The outcome of this week's three by-elections and ballots for police commissioners could not have been much bleaker for the Prime Minister. The Conservatives performed abysmally in the parliamentary votes and the risibly low turnouts in the contests to become police chiefs looked painfully like a rejection of what was once hailed as a defining policy for David Cameron's leadership.
Normally, such dire by-election results for the governing party could be dismissed as protests. After all, Labour won most mid-term by-elections in the 1980s, and was still slaughtered at the subsequent general election. Yet yesterday's loss of Corby in particular raises awkward questions for Mr Cameron. A certain amount of the blame justifiably falls on Louise Mensch: the outgoing Tory MP's decision to move with her family to New York was not well received by her constituents. But the scale of Labour's win was still impressive.

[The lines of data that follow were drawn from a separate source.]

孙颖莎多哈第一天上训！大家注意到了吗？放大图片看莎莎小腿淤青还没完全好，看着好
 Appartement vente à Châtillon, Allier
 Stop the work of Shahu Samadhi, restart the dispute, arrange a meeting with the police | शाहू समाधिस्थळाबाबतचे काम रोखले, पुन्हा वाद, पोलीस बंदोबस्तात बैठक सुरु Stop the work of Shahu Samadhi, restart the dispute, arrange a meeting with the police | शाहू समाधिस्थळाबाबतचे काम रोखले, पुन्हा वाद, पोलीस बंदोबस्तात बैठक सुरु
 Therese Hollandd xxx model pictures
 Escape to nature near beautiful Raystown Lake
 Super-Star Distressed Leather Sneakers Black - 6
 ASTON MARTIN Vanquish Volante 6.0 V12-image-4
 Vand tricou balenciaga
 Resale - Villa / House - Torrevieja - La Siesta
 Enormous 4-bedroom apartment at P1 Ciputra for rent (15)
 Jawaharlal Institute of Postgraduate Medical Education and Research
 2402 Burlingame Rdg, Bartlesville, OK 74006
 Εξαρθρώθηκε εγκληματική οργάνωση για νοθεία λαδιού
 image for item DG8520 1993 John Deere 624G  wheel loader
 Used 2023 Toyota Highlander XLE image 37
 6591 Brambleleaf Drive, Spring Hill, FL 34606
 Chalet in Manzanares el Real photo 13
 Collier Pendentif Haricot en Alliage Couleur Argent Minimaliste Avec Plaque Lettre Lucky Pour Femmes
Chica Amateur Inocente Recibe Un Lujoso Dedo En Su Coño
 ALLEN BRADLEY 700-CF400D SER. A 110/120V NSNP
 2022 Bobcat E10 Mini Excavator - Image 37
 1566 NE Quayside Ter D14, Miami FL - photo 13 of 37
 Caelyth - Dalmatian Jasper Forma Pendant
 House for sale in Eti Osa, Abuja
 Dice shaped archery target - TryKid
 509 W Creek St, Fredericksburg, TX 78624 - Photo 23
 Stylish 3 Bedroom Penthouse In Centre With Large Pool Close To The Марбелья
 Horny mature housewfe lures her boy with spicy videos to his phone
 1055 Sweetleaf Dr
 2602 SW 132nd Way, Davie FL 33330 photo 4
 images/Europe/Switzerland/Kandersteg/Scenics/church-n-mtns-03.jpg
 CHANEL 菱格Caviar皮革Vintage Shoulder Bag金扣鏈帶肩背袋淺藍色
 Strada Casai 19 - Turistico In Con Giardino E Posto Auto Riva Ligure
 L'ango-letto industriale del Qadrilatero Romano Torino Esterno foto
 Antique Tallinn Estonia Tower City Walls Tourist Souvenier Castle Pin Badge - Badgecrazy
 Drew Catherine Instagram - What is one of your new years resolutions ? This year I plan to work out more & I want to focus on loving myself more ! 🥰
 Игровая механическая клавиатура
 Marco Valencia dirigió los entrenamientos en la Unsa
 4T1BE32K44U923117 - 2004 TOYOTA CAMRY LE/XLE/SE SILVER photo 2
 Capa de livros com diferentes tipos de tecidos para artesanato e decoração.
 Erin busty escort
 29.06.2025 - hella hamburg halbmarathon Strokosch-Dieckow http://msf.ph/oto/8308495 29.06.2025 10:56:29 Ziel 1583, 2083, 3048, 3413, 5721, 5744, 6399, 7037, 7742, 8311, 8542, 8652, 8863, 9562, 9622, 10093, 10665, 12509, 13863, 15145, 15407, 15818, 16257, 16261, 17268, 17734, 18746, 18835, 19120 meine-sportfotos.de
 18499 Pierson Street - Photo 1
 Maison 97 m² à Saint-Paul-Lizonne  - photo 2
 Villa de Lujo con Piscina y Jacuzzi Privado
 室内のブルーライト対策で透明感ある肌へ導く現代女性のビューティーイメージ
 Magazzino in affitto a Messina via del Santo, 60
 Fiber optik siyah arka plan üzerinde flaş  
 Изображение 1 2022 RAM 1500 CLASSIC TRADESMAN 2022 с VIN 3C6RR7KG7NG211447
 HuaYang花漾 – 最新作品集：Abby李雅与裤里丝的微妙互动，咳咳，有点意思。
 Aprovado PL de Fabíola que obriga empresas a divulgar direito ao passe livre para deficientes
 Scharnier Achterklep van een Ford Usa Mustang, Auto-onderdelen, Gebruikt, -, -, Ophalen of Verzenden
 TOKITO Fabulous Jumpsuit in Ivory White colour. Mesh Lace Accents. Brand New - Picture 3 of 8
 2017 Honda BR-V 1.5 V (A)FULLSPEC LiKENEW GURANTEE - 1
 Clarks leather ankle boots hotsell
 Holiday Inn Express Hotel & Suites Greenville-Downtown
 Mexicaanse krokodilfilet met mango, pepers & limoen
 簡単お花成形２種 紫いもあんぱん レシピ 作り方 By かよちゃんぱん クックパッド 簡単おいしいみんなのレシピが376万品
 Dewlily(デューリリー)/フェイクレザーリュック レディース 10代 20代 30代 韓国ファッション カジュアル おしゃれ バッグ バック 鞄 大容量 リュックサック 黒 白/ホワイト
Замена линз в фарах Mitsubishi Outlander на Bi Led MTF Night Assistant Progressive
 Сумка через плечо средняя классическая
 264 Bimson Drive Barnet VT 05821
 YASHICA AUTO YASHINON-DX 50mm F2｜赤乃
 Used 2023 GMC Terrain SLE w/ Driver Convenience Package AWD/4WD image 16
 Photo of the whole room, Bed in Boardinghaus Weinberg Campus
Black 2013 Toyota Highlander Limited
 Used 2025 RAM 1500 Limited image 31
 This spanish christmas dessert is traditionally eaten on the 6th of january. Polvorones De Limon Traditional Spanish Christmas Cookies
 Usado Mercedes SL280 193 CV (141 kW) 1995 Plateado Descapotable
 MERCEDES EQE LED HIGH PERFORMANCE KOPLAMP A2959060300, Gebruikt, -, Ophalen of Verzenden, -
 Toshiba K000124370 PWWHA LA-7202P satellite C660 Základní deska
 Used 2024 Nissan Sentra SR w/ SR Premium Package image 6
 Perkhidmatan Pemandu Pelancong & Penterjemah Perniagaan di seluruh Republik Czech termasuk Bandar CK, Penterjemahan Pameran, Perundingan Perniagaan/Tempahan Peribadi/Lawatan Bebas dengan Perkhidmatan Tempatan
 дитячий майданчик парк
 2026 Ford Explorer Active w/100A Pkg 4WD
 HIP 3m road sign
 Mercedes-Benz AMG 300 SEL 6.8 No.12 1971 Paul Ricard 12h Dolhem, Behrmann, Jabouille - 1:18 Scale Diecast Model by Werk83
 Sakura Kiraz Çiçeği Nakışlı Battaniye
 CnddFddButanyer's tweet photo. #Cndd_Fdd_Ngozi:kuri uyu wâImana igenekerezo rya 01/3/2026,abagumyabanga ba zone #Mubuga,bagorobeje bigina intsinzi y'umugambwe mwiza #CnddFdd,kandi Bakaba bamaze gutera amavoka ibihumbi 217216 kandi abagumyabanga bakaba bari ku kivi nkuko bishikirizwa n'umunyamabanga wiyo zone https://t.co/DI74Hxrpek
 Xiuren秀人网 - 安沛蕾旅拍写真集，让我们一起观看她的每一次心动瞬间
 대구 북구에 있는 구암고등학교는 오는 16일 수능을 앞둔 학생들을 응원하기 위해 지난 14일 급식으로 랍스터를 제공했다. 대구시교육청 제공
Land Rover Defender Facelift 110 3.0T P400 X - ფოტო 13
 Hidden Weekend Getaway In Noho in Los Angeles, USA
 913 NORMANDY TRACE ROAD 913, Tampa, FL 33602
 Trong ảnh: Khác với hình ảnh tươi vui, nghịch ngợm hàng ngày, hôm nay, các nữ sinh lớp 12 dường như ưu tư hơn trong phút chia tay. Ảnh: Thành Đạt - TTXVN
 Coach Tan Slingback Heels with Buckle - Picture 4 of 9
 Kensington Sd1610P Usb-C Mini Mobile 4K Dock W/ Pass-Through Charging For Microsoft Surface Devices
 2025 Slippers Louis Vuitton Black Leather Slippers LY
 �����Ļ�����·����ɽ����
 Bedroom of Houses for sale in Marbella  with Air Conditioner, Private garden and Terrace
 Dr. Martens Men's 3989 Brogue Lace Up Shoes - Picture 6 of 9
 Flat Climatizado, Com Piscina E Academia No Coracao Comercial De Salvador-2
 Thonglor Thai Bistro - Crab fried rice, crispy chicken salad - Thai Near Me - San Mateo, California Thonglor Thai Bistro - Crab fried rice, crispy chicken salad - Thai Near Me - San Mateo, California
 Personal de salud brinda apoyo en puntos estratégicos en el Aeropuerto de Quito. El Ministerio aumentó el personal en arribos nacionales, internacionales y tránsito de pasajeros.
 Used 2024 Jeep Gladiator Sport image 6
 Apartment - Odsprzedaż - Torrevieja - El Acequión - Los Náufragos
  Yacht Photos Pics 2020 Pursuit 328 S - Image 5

And the UK Independence Party also flexed its electoral muscles, coming in ahead of the Liberal Democrats.
Mr Cameron is caught in a difficult bind. He is facing a Labour Party showing tentative signs of recovery from its 2010 defeat, while to his right there is an anti-EU party attracting votes at a point when Europe soars up the political agenda. But if the Tory leader hardens his stance on the EU to appease Eurosceptics, he risks giving up an even greater share of the more moderate centre ground he once sought to occupy. And his departure from this electorally fertile terrain in other policy areas is one of the reasons his party struggled in the by-elections.
Although ostensibly an indictment of just one policy, the low turnout for the police chiefs' elections is a source of even greater misery for the Prime Minister. The plan for Police and Crime Commissioners was central to Mr Cameron's early political vision. In opposition, his "big idea" was the redistribution of power from the centre, and the election of police commissioners was cited as a key example, along with the revival of elected mayors.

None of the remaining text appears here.